Shorter Loan Terms can lower your monthly payments!
Introduction
If you're looking to refinance your mortgage, you may want to consider shortening your loan term. This can help you save money in the long run and lower your monthly mortgage payments. In this article, we'll explore the benefits of shorter loan terms and how they can benefit you.
What is Mortgage Refinancing?
Mortgage refinancing is when a borrower replaces their existing mortgage with a new loan. This is done to either lower their interest rate, change their loan term, or to access the equity in their home. Refinancing can help homeowners save money on their monthly mortgage payments, or free up cash for other uses.
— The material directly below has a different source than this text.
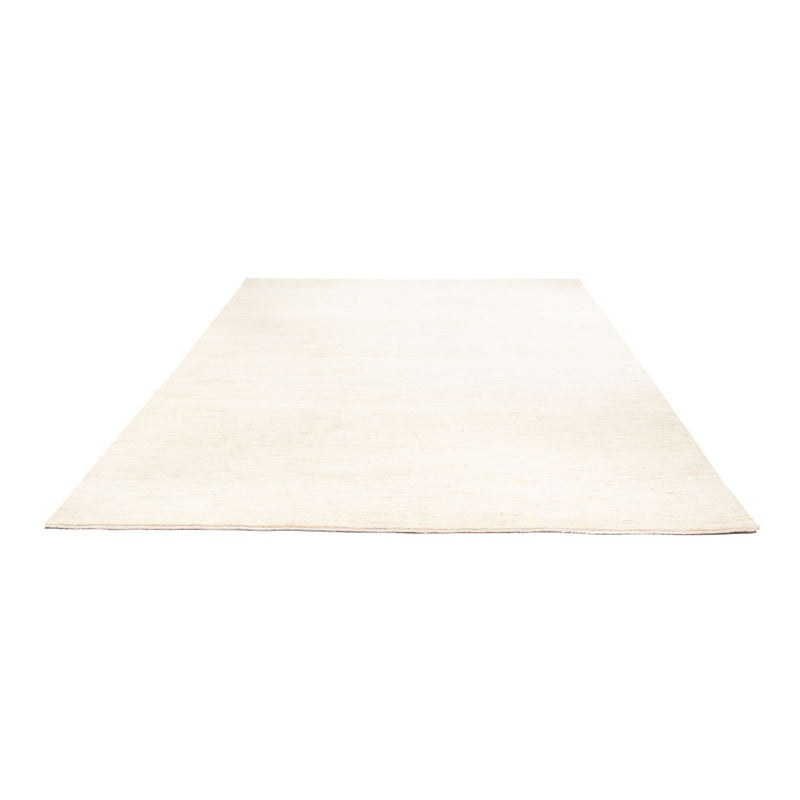 Alfombra Gabbeh - Persa - 340 x 253 cm - blanco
Types of Mortgage Refinancing
There are two main types of mortgage refinancing: rate-and-term and cash-out. Rate-and-term refinancing involves replacing your existing mortgage with a new one with different terms, such as a lower interest rate or a shorter loan term.
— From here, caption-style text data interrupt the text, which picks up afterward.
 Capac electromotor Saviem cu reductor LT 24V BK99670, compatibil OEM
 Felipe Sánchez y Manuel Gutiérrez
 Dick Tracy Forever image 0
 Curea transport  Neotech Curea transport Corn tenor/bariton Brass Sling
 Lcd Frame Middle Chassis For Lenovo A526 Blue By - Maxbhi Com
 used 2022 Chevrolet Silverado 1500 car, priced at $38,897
Cash-out refinancing, on the other hand, involves borrowing more than you owe on your existing mortgage and using the difference to pay off other debts, fund home renovations, or invest in other properties. This type of refinancing can be beneficial for those who need access to extra cash.
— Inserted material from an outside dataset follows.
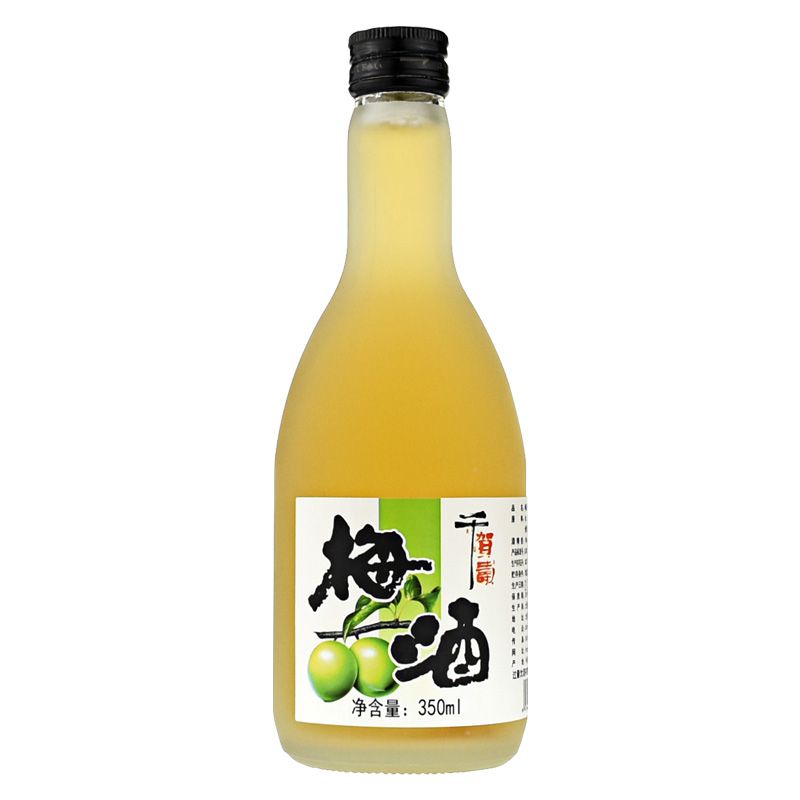 千贺寿梅酒350ML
The Benefits of Shorter Loan Terms
One of the best ways to save money on your mortgage is to shorten your loan term. Most mortgages are 30-year fixed-rate loans, but you can also get a 20-year, 15-year, or even a 10-year mortgage. The shorter your loan term, the lower your interest rate and the quicker you can pay off your mortgage.
Lower Interest Rates
Shorter loan terms typically come with lower interest rates, as lenders view them as less risky. This can save you thousands of dollars in interest payments over the life of your loan. For example, if you have a $250,000 mortgage with a 30-year term and a 4% interest rate, you'll pay $179,674 in interest over the life of your loan. However, if you have the same loan with a 15-year term and a 3.25% interest rate, you'll only pay $66,102 in interest.
Build Equity Faster
Shorter loan terms also allow you to build equity in your home faster. Equity is the difference between the value of your home and the amount you owe on your mortgage. When you make mortgage payments, a portion of each payment goes towards paying down your principal balance, which increases your equity. With a shorter loan term, you'll pay down your principal balance quicker, which means you'll build equity in your home faster.
Lower Monthly Payments
While shorter loan terms can mean higher monthly payments, they can also lower your monthly payments in the long run. This is because you'll pay less interest over the life of your loan, which means your monthly payment will be less. For example, if you have a $250,000 mortgage with a 4% interest rate and a 30-year term, your monthly payment will be $1,193. If you have the same loan with a 15-year term and a 3.25% interest rate, your monthly payment will be $1,757. However, over the life of the loan, you'll pay $215,183 less in interest with the 15-year loan.
Conclusion
Shorter loan terms can be an excellent way to save money on your mortgage and lower your monthly payments. By choosing a shorter loan term, you can take advantage of lower interest rates, build equity faster, and pay less interest over the life of your loan. If you're thinking about refinancing, consider shortening your loan term to see how it can benefit you.